I love this recipe because it is so quick and takes relatively few ingredients or brain power, which is kind of where I’m at this week. You can also fancy it up by topping with chopped avocado, baked yams, broccoli, or caramelized onions. (To caramelize onions, just slice 2-3 sweet onions thinly, stir in 3-4 tablespoons olive oil and salt, then place in a baking dish and bake at 400 degrees for 25 minutes, stirring occasionally.)  I also love the pairing of lentils with cinnamon, so so good!

  • 1 cup lentils (I like green or brown best)
  • 1 cup rice, brown or white, rinsed (I have used jasmine and basmati)
  • 1 cinnamon stick
  • 1/2 t. allspice
  • 1 1/2 t. cumin

1. Bring four cups of water to boil in a large saucepan or pot. Add rice, cinnamon stick, and spices. Bring back to a boil, lower heat, and simmer for 15 minutes.

2. Add lentils (after rinsing!) and bring back to a boil, then simmer on low until liquid is absorbed, about 35-40 more minutes.

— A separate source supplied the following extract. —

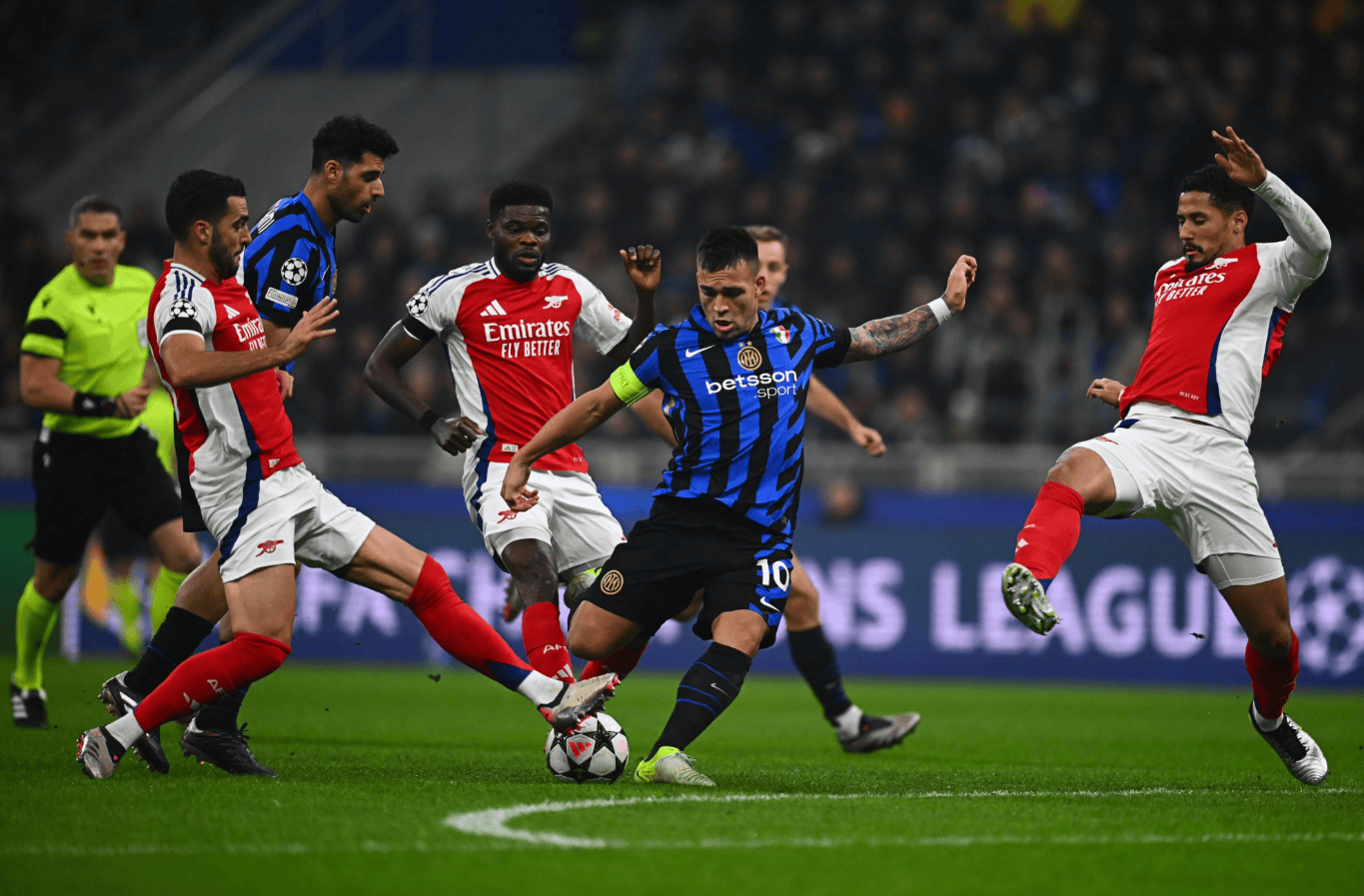 剑南春丨拜仁让二追六6-2逆转弗赖堡，奥利塞2射3传，卡尔传射（剑南春丨拜仁2球落后连入6球6-2翻盘弗赖堡，奥利塞梅开二度+3助，卡尔传射）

Remove from heat, remove cinnamon stick (unless someone loves chomping into that!), and mission accomplished! If you went to the trouble to make the onions, throw those in there, of course.  I often add a bit of sea salt and black pepper too, as needed. Try this alongside a fresh tomato – cucumber – red onion salad for a Mediterranean twist in winter. Happy lentil eating, my friends!